Problem statement -> Each line of the material below is to be written out exactly. Leave out any picture.

Information provided ->
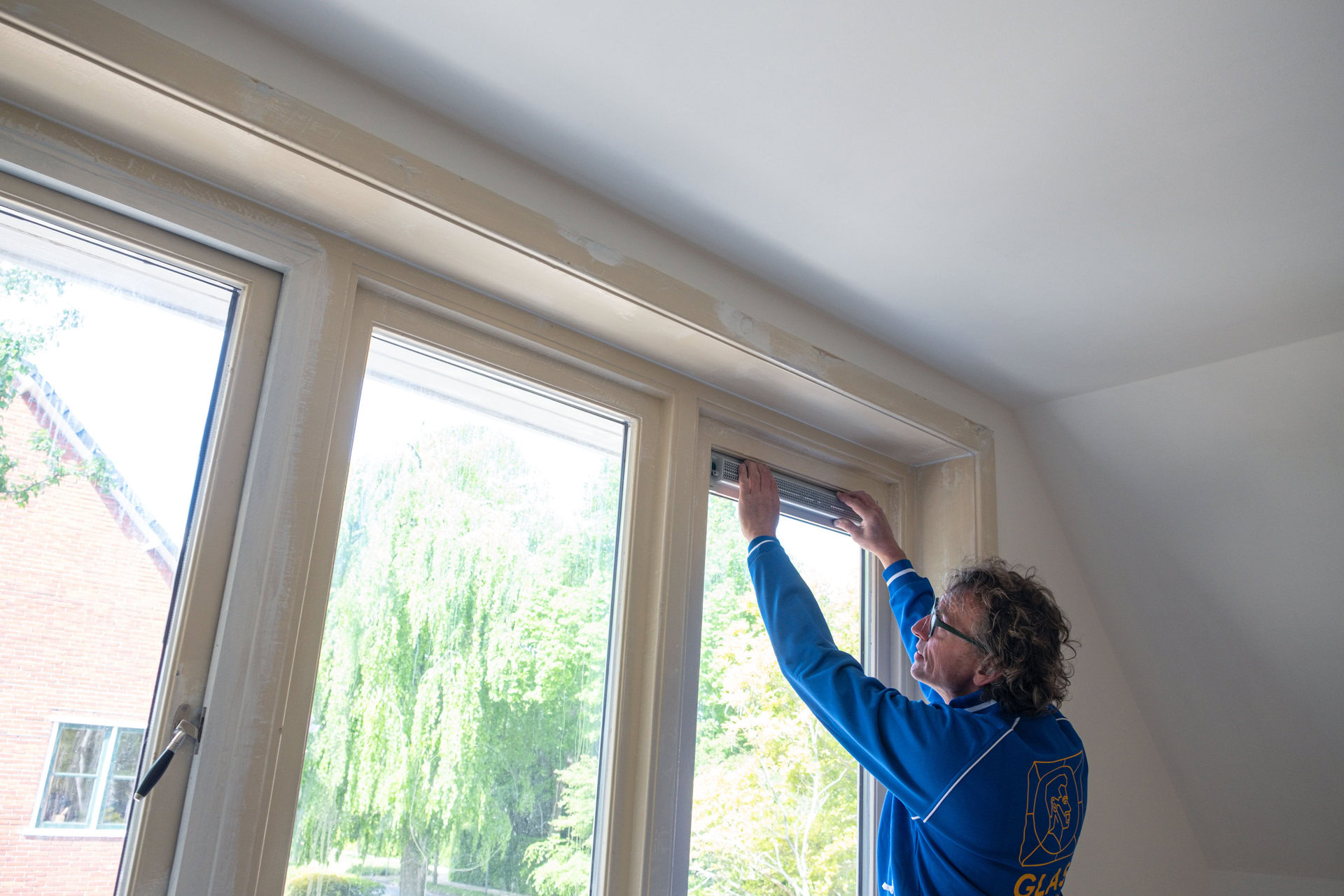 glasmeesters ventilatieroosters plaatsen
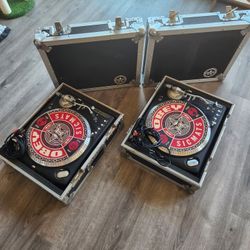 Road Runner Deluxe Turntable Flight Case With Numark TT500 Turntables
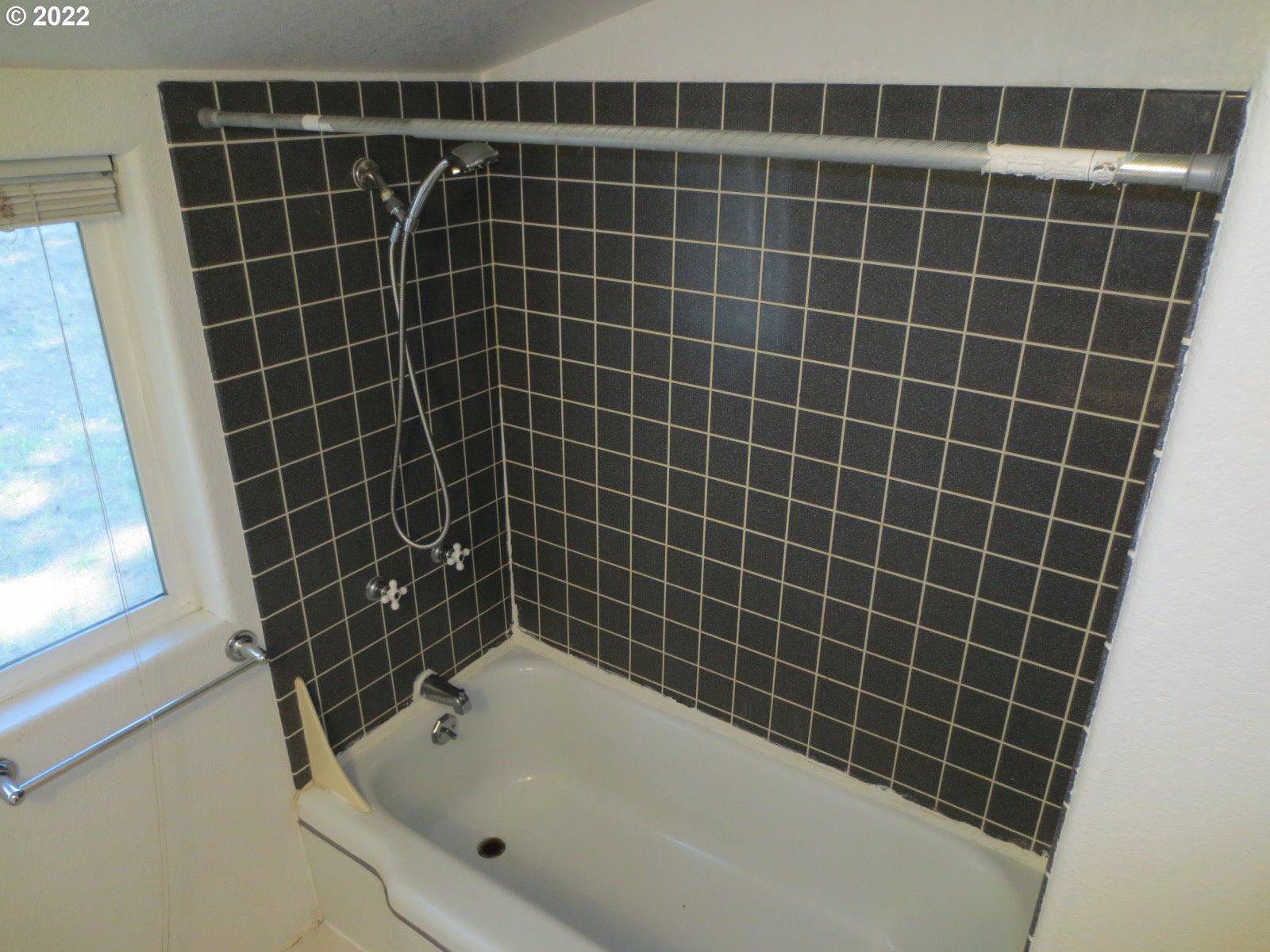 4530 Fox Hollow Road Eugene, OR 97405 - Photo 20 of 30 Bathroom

Expected answer ->
 glasmeesters ventilatieroosters plaatsen
 Road Runner Deluxe Turntable Flight Case With Numark TT500 Turntables
 4530 Fox Hollow Road Eugene, OR 97405 - Photo 20 of 30 Bathroom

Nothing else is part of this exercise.